Not all at the fault of Muslims but always involving them. Sometimes the Muslims were under the shadow of the sword and sometimes they wielded the sword. Either way, it’s not the pen that lies at the roots of Islam, but rather the sword.
I read this because on October 7th 2023 the Islamic terrorist group Hamas invaded Israel and killed over one thousand people. They are currently still at war as I write this.
It seems the conflict in the Middle East is reaching a fever pitch and I wanted to learn more about Islam. Tom Holland is my favorite historian so I thought this would be a good place to start.
In this book, Tom Holland is attempting to connect the dots in the origins of the Quran and Islam. He’s approaching it as an historian which means he’s looking for external literary or archaeological documentation of the start of this religion.
He points out that this is a massively difficult task as Muslims forbid any research in the origins of the Quran. It’s blasphemy to do so.
“Devout Muslims were no more likely to question the origins of the Quran than devout Christians were to start ransacking Jerusalem for the skeleton of a man with holes in his hands and feet.” (p31)

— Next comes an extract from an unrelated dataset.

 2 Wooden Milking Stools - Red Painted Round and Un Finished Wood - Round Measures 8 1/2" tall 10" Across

They view the Quran the way we view Christ. To look for Christ’s body in a tomb is to reject the resurrection, which is to reject Christianity.

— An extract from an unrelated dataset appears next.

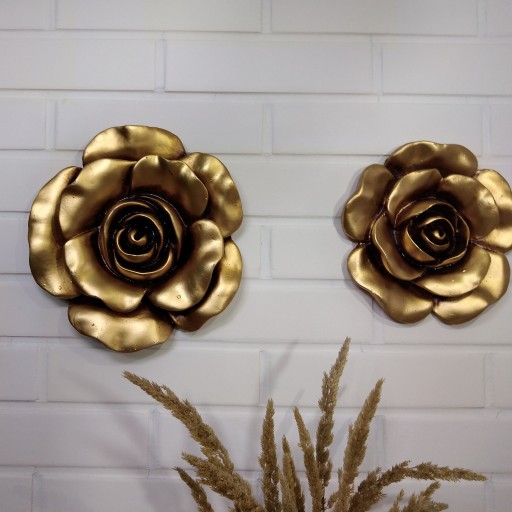 دیوار کوب گل رز 3 تایی جنس پلی استر رنگ نقره ای و طلایی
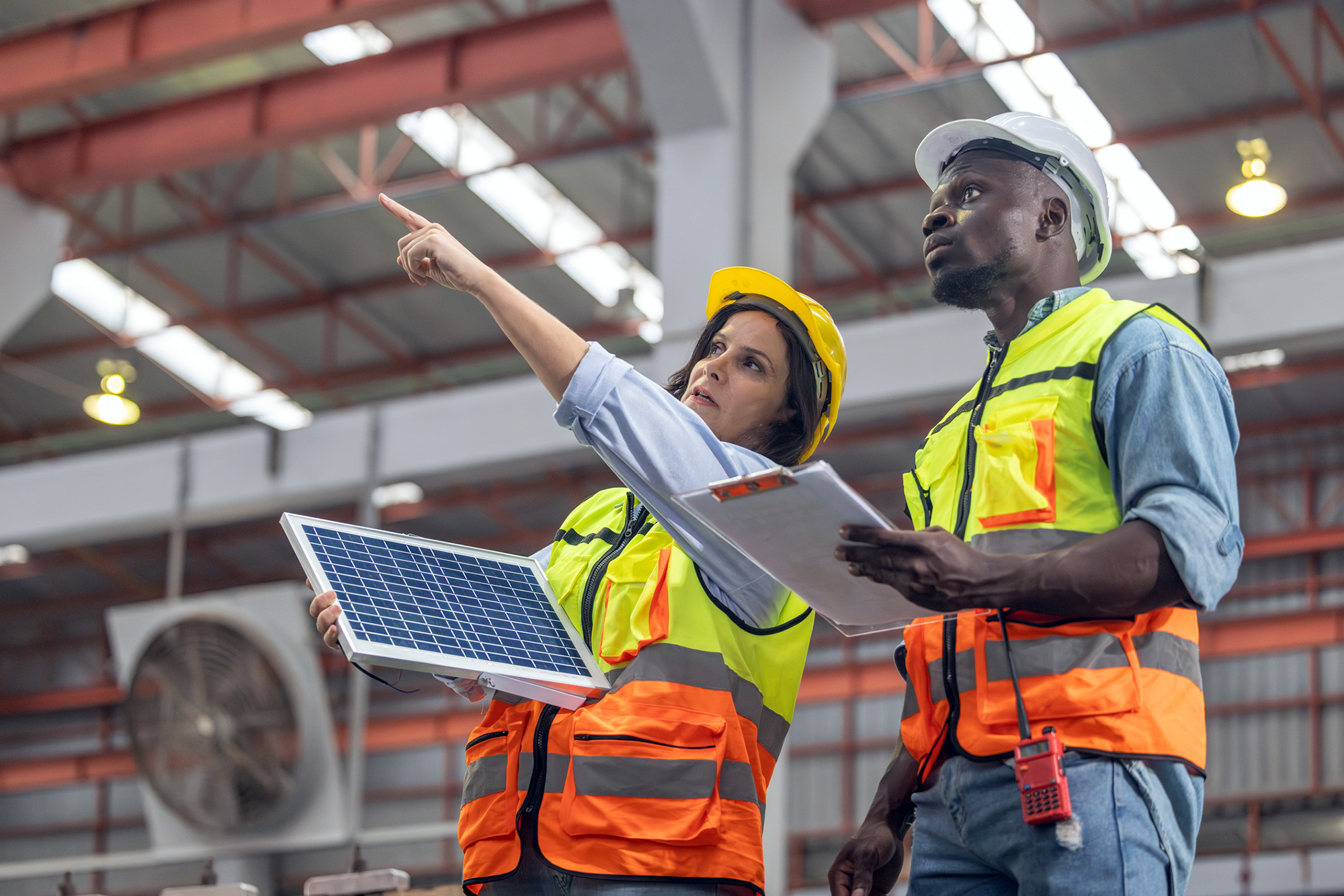 engineers in warehouse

To look for original manuscripts of the Quran is to reject it’s absolutely divine origination. Muslims don’t look into it.
However, Holland does piece together where he thinks Islam came from. He suggests that it’s an amalgamation of Zoroastrianism, Judaism, Paganism, and Christianity.
He shows the throughline historically how these other religions might have influenced Arabs centuries later to create the Quran and the religion of Islam around a man named Muhamad and his ideas about God.
My main takeaway from this book is that there is really nothing to the Quran or Islam as far as rationality or truth. I still need to read the Quran and I will, but it sounds like a joke.
The Arabs retrofitted their ideas into the teachings of Muhamad who died centuries earlier. It’s completely unreliable.
It made me think of modern cultists like David Koresh and Jim Jones. They claim to hear a new revelation from God and then make a bunch of rules and regulations that fit what they want to do.
This was easy because Islam and the Quran didn’t even start until 200 years after Muhamad had died.
It was surprising to read that the early Christian martyrs in Rome would not have compelled the onlookers to follow Christ.
“Nothing quite like the relish of Christians for dying in the cause of their God had ever been witnessed before. When martyrs were made “to run the gauntlet of whips, or to be savaged by wild beasts, or to be roasted in iron chairs, so that they were suffocated by the reek of their own flesh as it cooked,” the watching crowds were rarely impressed. Why should they be? A god best displayed his power by protecting those who worshipped him, not by demanding their deaths. The Romans knew this better than anyone.” (p173)
We often think that martyrs dying for their faith in Christ, would raise the level of authenticity. We think that because we are the product of the Christian west culture.
The Romans saw everything through a different worldview. Might made right, not sincerity and conviction. They respected and followed displays of power, not humble submission.
This reminds me of something Paul Washer said one time, something along the lines of how our Christian persecution today won’t be noble. We will be seen as bigots and harmful people when we’re arrested.
It’s emboldening if someone says “because you love Christ, we are killing you.” We can stand on that charge proudly. But that won’t be the charge.
We will be charged with being unloving and unchristian. The world today has gotten so upside down and backwards that the people standing on truly biblical principles in their Christianity are seen as the unchristian ones.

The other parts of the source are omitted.